Aim of the exercise:
Below are the records; extract from them the line containing "Men's antibacterial casual" to the line containing "Tiburón Divertido Vector", both lines included, exactly and with no pictures.

Recorded information:
= = =

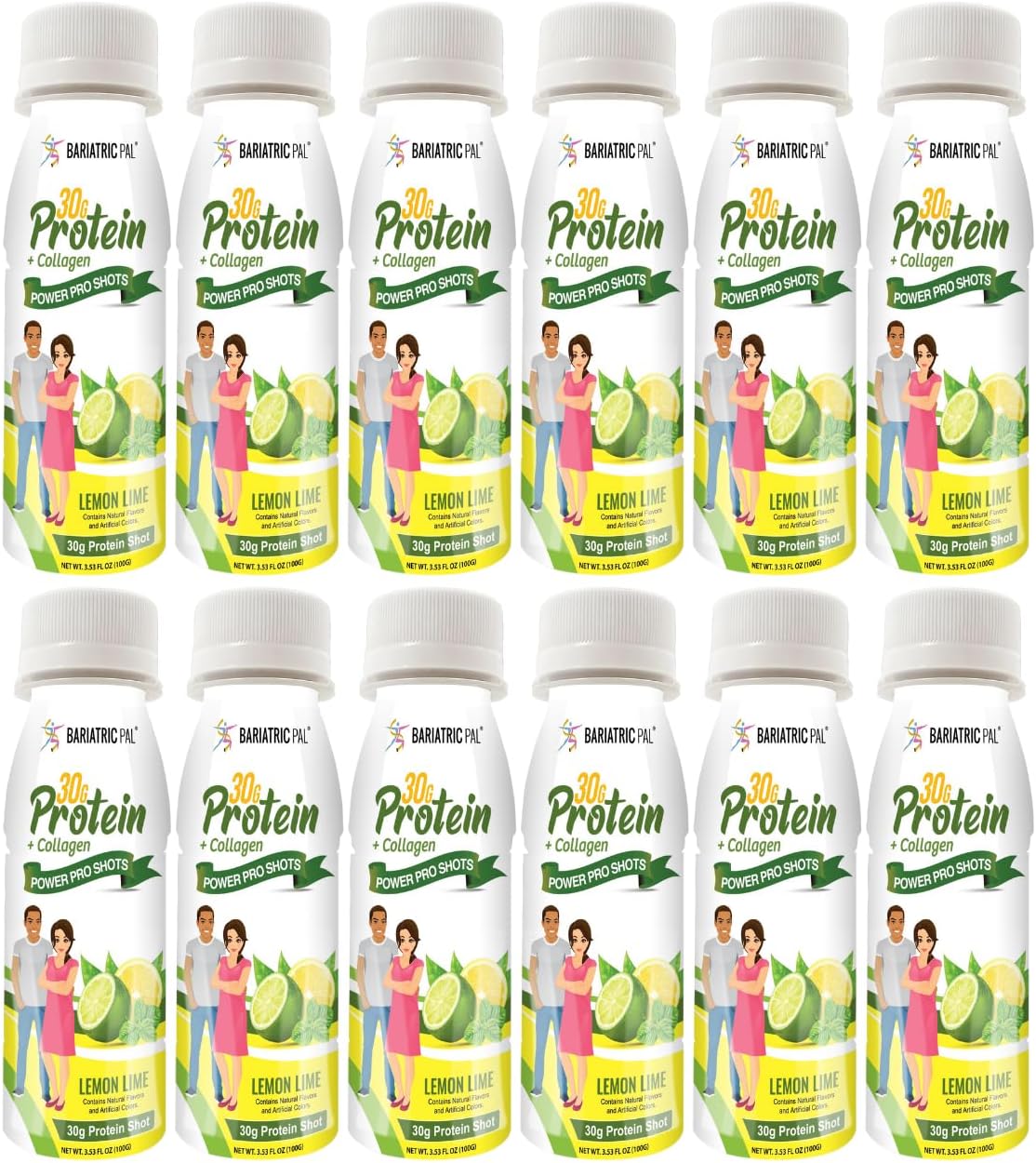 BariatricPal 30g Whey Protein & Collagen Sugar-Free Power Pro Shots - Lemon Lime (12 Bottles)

= = =

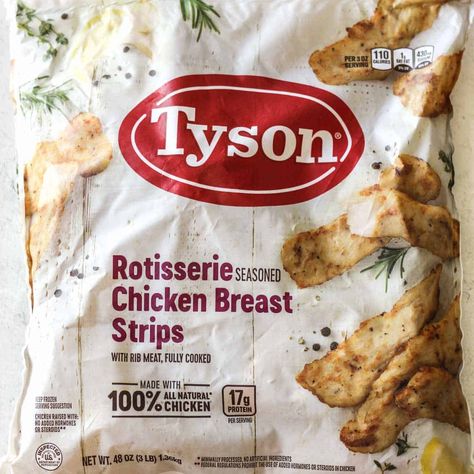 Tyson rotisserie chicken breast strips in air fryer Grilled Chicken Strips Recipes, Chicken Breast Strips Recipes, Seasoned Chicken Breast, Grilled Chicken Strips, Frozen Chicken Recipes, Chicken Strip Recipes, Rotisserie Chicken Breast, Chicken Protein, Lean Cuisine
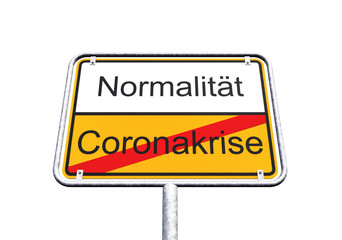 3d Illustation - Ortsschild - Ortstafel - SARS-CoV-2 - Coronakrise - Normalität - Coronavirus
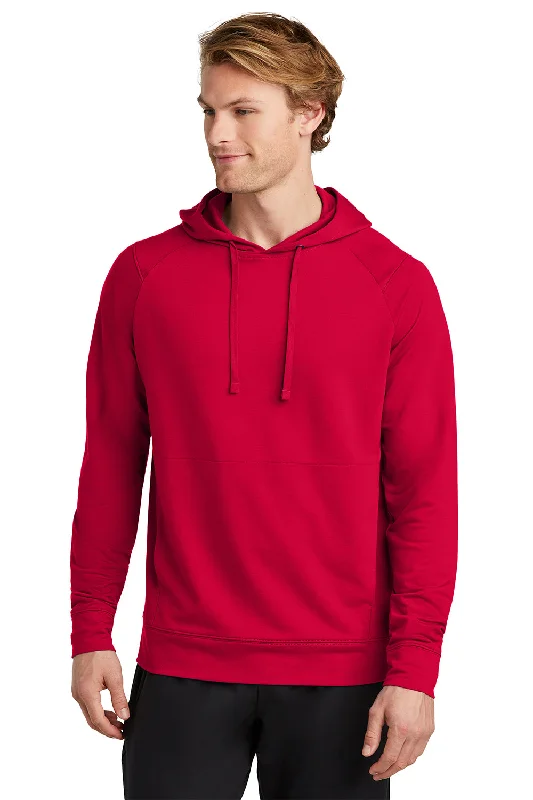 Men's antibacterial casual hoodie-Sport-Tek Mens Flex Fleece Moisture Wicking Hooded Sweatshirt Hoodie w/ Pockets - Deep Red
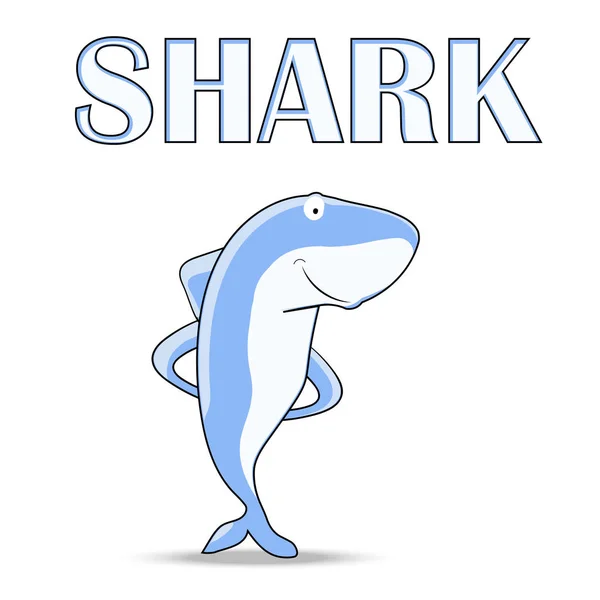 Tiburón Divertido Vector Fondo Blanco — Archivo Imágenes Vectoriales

= = =

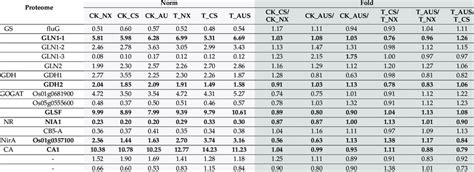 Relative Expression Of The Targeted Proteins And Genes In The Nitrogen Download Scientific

= = =

Written response:
 Men's antibacterial casual hoodie-Sport-Tek Mens Flex Fleece Moisture Wicking Hooded Sweatshirt Hoodie w/ Pockets - Deep Red
 Tiburón Divertido Vector Fondo Blanco — Archivo Imágenes Vectoriales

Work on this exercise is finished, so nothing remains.